■ Data listing:
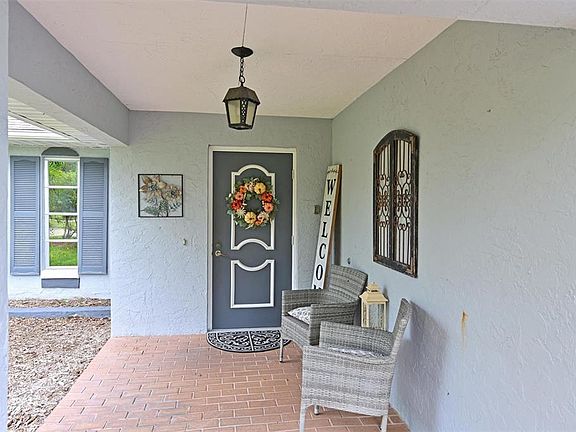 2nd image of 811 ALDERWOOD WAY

...

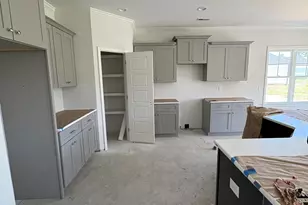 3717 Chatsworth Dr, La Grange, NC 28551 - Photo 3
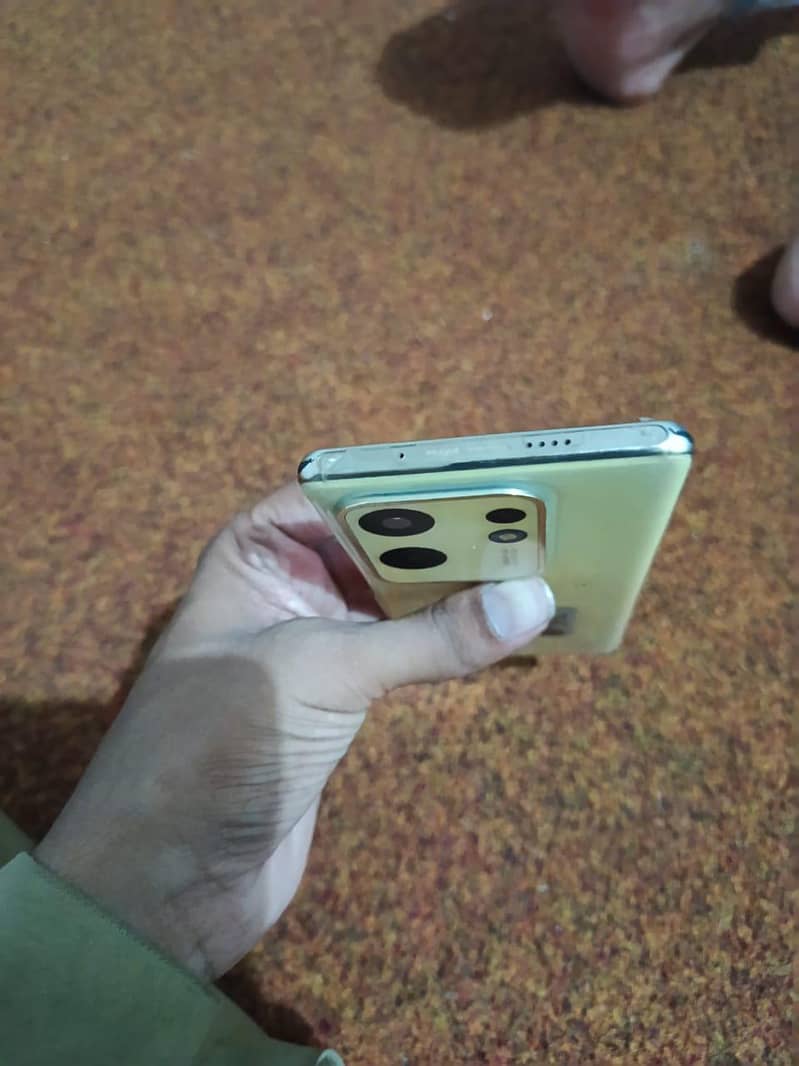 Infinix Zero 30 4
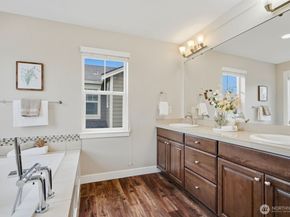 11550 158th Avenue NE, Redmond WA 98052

■ What is required:
Copy only what lies between the line with "3717 Chatsworth Dr, La" and the line with "11550 158th Avenue NE, Redmond WA 98052", those two lines included, exactly as given above; pictures stay out.

■ Answer to this task:
 3717 Chatsworth Dr, La Grange, NC 28551 - Photo 3
 Infinix Zero 30 4
 11550 158th Avenue NE, Redmond WA 98052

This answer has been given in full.